Problem description: Your copy of the listing should be exact and should contain no pictures.

Dataset excerpt:
---

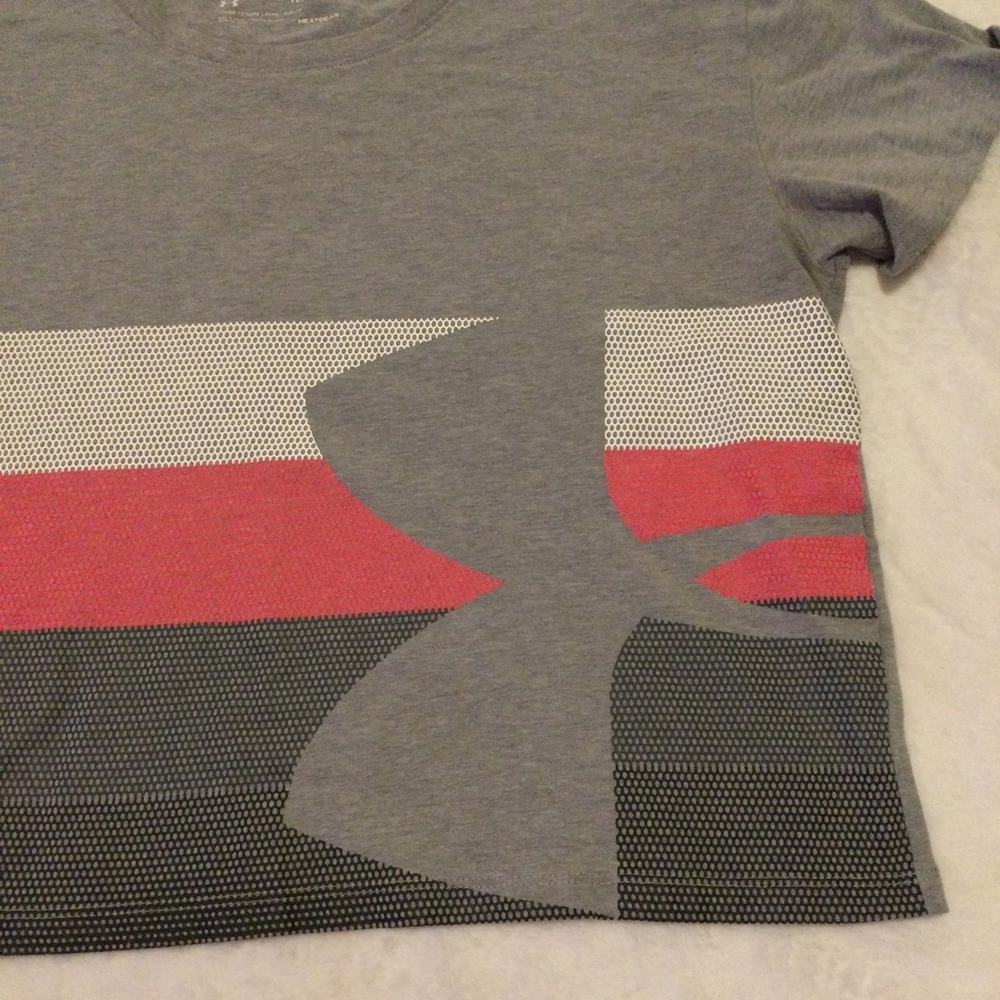 Under Armour T-Shirt Girls YLG Large Grey Pink HeatGear Loose Fit Athletic Tee - Picture 4 of 6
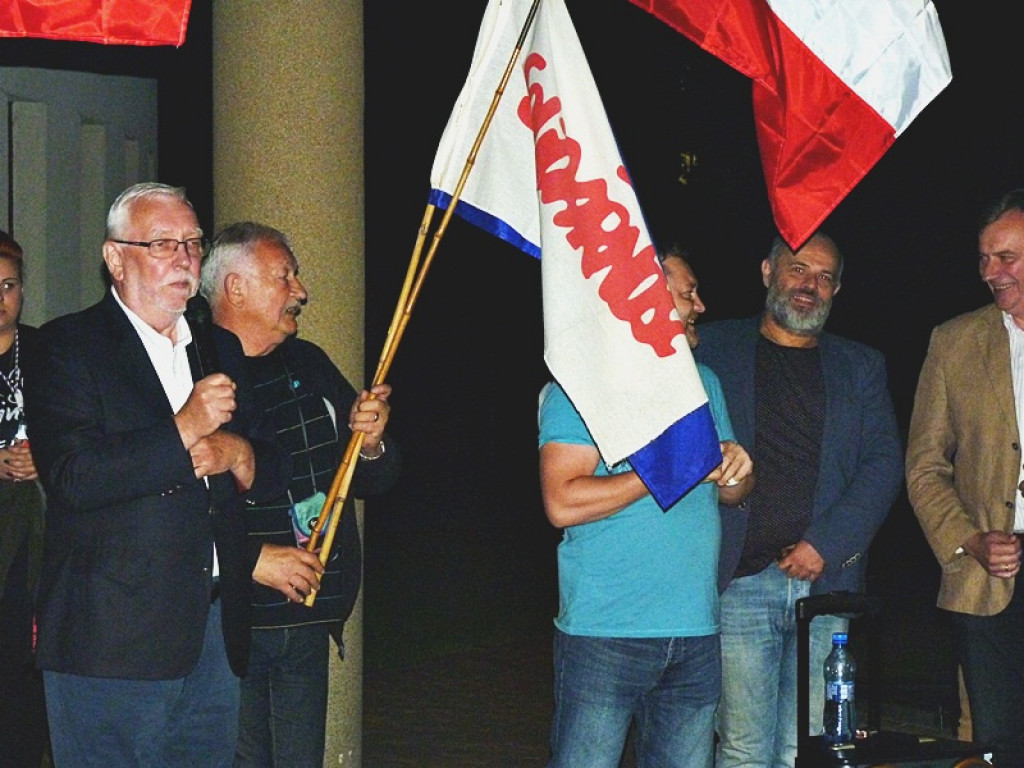Manifestacja i kontrmanifestacja przed sądem w Łowiczu
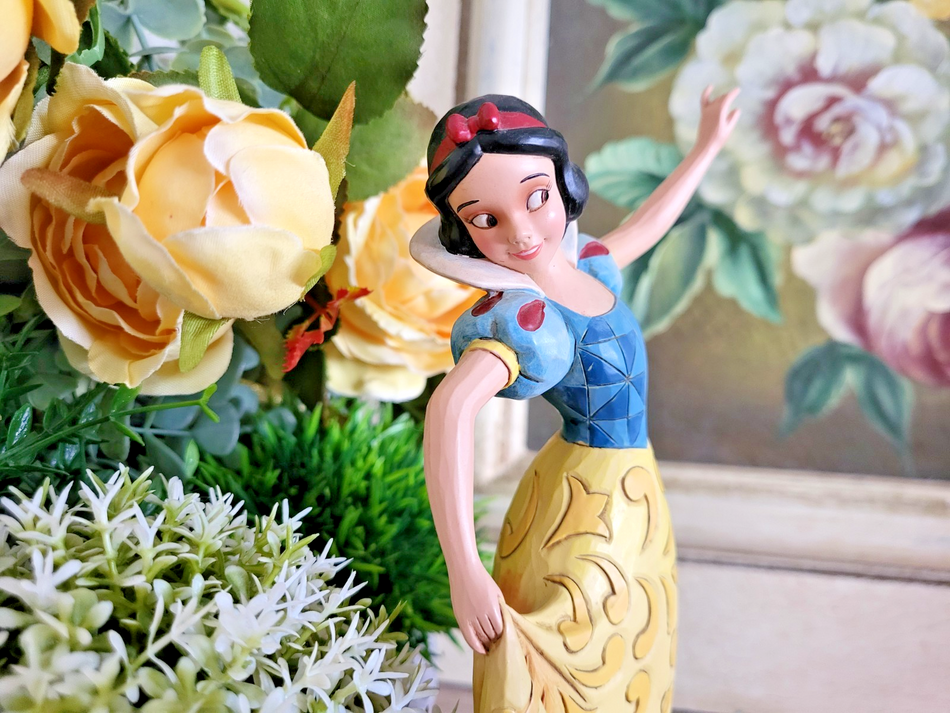 Disney Traditions Snow White Figurine Dancing Partners Ornament Jim Shore1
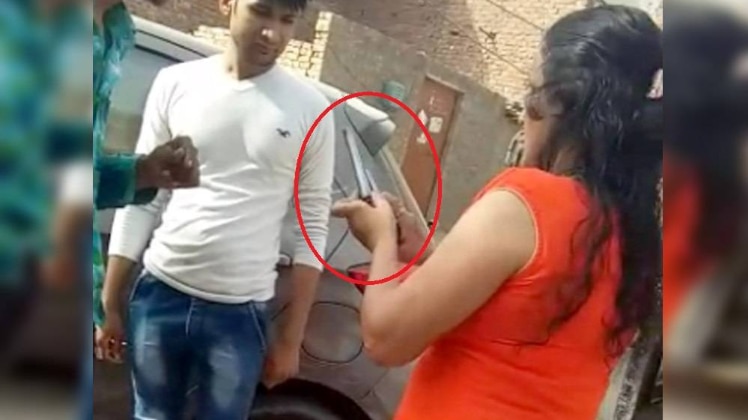 पुलिस ने इस आरोपी महिला को गिरफ्तार कर लिया है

---

Response to this task:
 Under Armour T-Shirt Girls YLG Large Grey Pink HeatGear Loose Fit Athletic Tee - Picture 4 of 6
Manifestacja i kontrmanifestacja przed sądem w Łowiczu
 Disney Traditions Snow White Figurine Dancing Partners Ornament Jim Shore1
 पुलिस ने इस आरोपी महिला को गिरफ्तार कर लिया है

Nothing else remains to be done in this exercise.